О чем болтают девчонки?
Эдвард, разбогатевший после недавнего посещения дантиста, настаивал на покупке имбирного пива. В нашей семье, как и во всех семьях с крепкими традициями, существовала четкая договоренность: полкроны за выпавший зуб и всего шиллинг за шатающийся. Сегодняшний зуб, к сожалению, несмотря на всю заинтересованность Эдварда, оказался только шатающимся, но, тем не менее, событие это стоило отпраздновать. Сам богач, впрочем, освободил себя от унизительных обязанностей и степенно расхаживал по саду, пока я бегал в деревню за пивом, а Гарольд искал стакан в буфете. Закончив все приготовления, мы удобно устроились на полянке. Самые достойные и умеющие держать себя в обществе кролики были выпущены из клеток и присоединились к нашему празднику; они лениво щипали травку, выбирая сочные подорожники. Селина, старшая из девочек, по-женски манерно вертела в руках первый полный стакан и изящно вылавливала из напитка кусочки попавшей туда пробки.
– Что ты там возишься? – проворчал хозяин праздника. – Вечно девчонки привередничают!
– А Марта говорит, – начал Гарольд, который тоже очень хотел пить, но решил вступиться за сестру, – что если проглотишь кусочек пробки, она начнет разбухать в животе, и будет там пухнуть и пухнуть, пока…
– Чушь! – перебил его Эдвард, осушив стакан с притворным равнодушием, сумев, однако, как я заметил, ловко увернуться от плавающих внутри кусочков пробки.
– Легко сказать: «Чушь»! – обиделся Гарольд. – Все, кроме тебя, знают, что это правда. Когда приезжал дядя Томас, взрослые открыли для него бутылку вина. Он сделал крошечный глоточек, а потом сказал: «Фууу, здесь полно пробки!» И не стал допивать. Им пришлось открывать новую бутылку. Самое смешное, что когда потом этот бокал вынесли в коридор, я заглянул в него, и там не было никакой пробки! Поэтому, я допил вино за дядю. Вкусно было!
– Не стоило этого делать, юноша! – сурово произнес старший брат. – Помнишь тот вечер с ряжеными? Они пили горячий глинтвейн. Помнишь, как ты допил за ними из бокалов, оставленных на столе?
– Да, это был веселый вечер! – захихикал Гарольд. – Мне показалось, что дом падает, так все вокруг вертелось и прыгало. Марте пришлось отнести меня в постель на руках, потому что ступеньки виляли в разные стороны!
Мы с упреком смотрели на младшего бесстыдника, но было ясно, что он не чувствует себя виноватым и считает все случившееся веселым приключением.

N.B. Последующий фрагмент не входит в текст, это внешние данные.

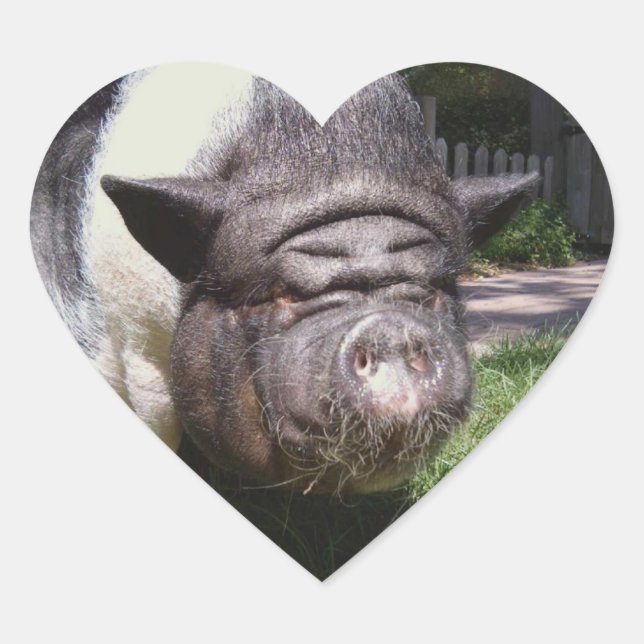 Pegatina de cerdo Belly de olla (Anverso)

Третья бутылка шла по кругу. Селина, с нетерпением дожидавшаяся своей очереди, отпила нечестно большой глоток, потом вскочила, отряхнула платье и объявила, что уходит. Она бросилась бежать, как пугливый заяц, потому что в нашей семье не любили независимое поведение и готовы были применять в подобных случаях физическое насилие.
– Пошла гулять с подружками из прихода, – сказал Эдвард, наблюдая, как смуглые ножки Селины семенили во всю прыть прочь по тропинке. – Она гуляет с ними каждый день, и едва они встречаются, как склоняются друг к другу и начинают болтать, болтать и болтать без умолку! Не могу понять, о чем они говорят. Они ведь не останавливаются, трещат и трещат, болтливые сороки!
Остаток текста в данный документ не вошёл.